━━ RECORDED INFORMATION ━━

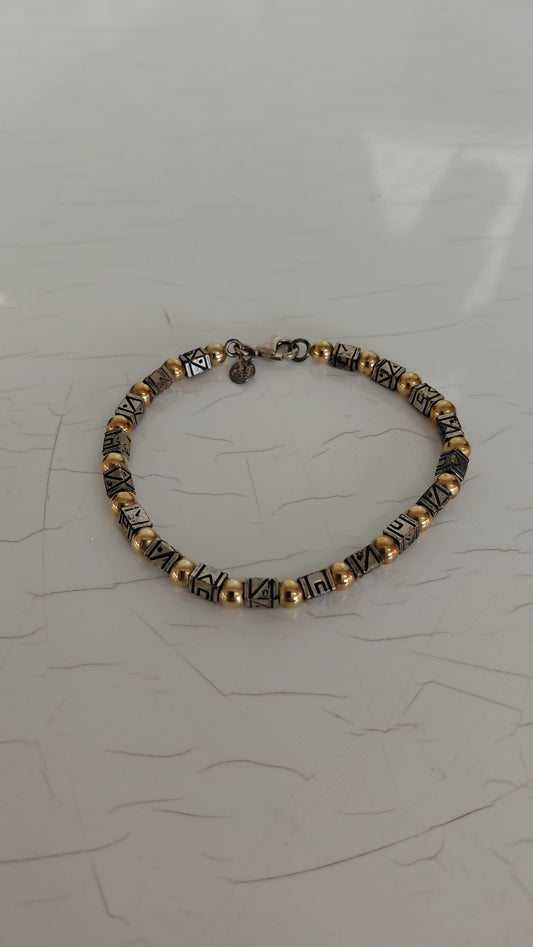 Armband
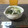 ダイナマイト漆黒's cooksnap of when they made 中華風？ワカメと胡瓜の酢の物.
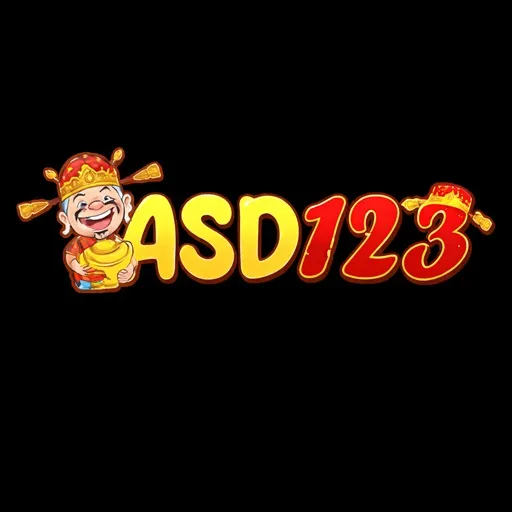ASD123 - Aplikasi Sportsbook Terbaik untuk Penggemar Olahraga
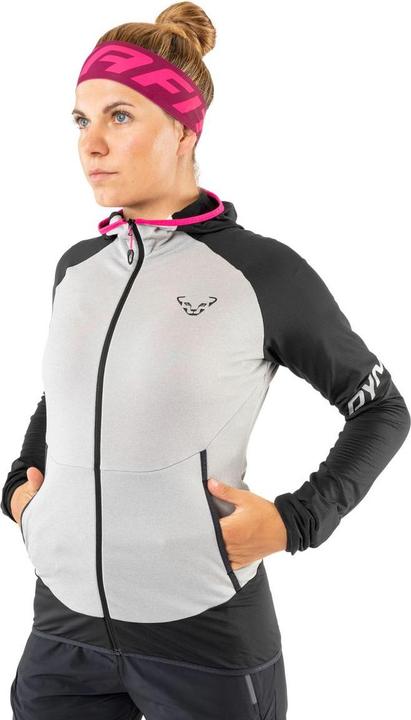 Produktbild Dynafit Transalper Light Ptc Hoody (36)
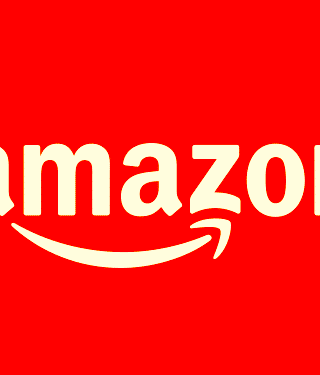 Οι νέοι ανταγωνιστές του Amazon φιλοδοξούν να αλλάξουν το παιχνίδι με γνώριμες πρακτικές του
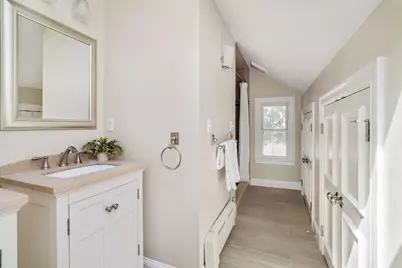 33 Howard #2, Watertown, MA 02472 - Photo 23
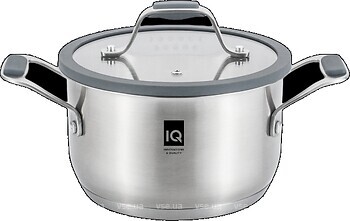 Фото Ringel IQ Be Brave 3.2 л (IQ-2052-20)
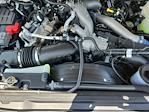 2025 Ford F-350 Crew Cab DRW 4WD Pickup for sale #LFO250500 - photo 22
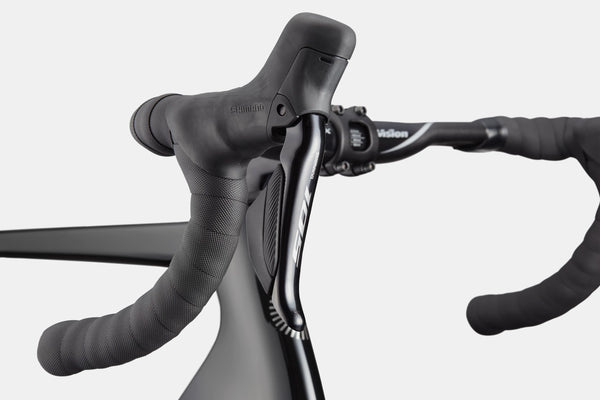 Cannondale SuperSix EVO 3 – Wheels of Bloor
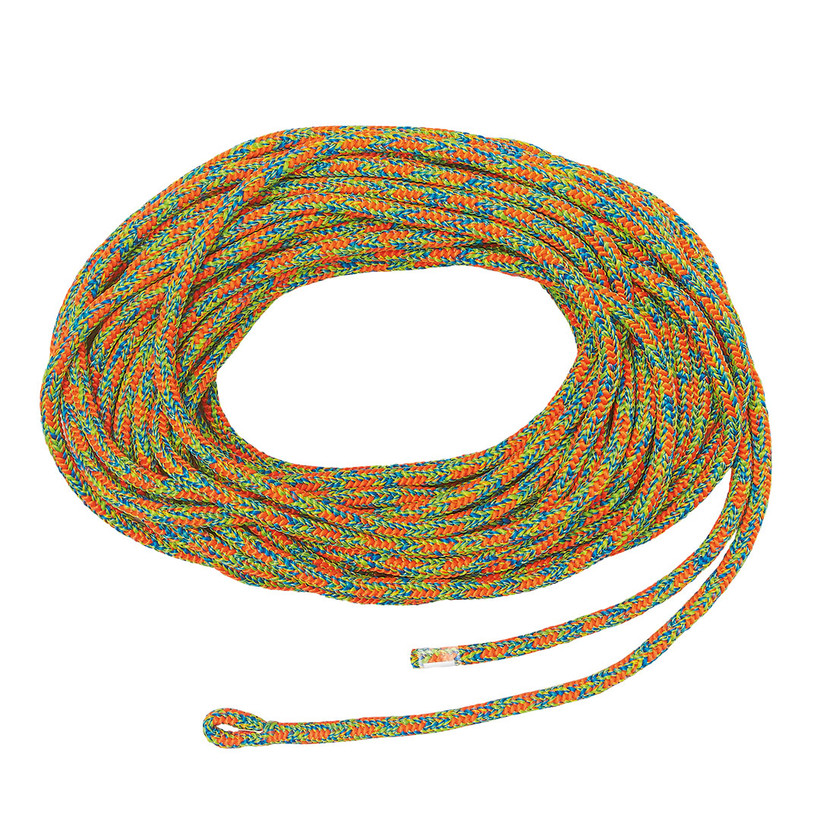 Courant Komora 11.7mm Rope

━━━
━━ RECORDED INFORMATION ━━

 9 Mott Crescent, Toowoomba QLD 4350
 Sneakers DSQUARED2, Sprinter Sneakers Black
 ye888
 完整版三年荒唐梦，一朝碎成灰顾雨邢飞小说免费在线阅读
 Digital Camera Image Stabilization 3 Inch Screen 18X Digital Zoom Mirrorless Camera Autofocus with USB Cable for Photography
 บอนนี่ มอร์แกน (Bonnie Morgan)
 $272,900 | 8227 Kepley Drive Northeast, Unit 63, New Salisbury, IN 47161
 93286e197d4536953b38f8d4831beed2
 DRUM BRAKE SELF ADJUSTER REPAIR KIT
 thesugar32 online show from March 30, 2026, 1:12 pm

━━━
━━ RECORDED INFORMATION ━━

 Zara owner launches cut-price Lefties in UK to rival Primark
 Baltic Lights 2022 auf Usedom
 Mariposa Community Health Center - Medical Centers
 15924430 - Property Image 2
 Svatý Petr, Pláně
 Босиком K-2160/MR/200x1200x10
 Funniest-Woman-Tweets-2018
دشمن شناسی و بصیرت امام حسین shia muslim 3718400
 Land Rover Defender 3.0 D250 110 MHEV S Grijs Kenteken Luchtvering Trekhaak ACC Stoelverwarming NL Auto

━━━

- ASSIGNED TASK:
Reproduce every line of the records containing the string "Image".

- RESPONSE TO THE EXERCISE:
 Digital Camera Image Stabilization 3 Inch Screen 18X Digital Zoom Mirrorless Camera Autofocus with USB Cable for Photography
 15924430 - Property Image 2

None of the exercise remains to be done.